Whenever a line of the entries below holds the string "Used", copy that line and return it.

(Records from a data collection)
== Segment start ==

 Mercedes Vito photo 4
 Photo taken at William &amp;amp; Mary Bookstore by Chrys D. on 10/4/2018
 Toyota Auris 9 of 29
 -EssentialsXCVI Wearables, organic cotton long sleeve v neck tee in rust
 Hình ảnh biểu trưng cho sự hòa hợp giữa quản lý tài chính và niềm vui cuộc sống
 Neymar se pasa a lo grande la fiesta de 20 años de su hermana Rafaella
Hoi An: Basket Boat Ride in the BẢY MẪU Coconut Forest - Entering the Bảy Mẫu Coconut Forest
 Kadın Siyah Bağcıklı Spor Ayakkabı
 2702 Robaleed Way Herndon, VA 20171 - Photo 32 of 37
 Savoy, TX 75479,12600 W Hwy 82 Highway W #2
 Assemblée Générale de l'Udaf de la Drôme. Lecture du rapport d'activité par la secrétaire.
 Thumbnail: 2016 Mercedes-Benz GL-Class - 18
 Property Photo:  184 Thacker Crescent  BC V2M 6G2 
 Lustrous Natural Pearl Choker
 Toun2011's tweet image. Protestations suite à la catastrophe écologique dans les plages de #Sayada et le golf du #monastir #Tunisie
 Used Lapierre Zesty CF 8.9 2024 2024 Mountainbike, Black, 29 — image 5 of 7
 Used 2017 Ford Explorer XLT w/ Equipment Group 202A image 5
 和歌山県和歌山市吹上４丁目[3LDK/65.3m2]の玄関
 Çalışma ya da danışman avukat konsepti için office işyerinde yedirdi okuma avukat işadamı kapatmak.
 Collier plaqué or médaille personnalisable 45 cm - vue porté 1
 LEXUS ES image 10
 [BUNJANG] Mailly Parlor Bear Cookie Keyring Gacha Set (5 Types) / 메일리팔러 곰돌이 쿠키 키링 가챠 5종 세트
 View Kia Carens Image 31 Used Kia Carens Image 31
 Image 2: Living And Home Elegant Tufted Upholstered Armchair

== Segment end ==

Solution for this exercise:
 Used Lapierre Zesty CF 8.9 2024 2024 Mountainbike, Black, 29 — image 5 of 7
 Used 2017 Ford Explorer XLT w/ Equipment Group 202A image 5
 View Kia Carens Image 31 Used Kia Carens Image 31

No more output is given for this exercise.